▶ TASK INPUTS:
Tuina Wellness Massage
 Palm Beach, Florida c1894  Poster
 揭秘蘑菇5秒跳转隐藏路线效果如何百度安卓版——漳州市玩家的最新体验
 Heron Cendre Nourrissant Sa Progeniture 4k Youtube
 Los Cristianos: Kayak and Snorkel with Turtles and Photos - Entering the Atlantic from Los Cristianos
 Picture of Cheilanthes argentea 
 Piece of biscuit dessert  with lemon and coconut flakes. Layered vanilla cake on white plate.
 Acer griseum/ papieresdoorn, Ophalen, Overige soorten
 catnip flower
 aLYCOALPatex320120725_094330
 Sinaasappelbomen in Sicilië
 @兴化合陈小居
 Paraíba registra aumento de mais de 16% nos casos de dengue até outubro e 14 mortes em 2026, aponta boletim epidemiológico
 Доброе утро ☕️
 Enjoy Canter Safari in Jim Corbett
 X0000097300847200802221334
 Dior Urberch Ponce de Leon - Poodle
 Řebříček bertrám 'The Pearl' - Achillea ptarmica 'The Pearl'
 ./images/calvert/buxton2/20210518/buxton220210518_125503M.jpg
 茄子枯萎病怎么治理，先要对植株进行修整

▶ EXERCISE INSTRUCTIONS: What lines in the material above hold the string "with"? List them.

▶ TASK SOLUTION:
 Los Cristianos: Kayak and Snorkel with Turtles and Photos - Entering the Atlantic from Los Cristianos
 Piece of biscuit dessert  with lemon and coconut flakes. Layered vanilla cake on white plate.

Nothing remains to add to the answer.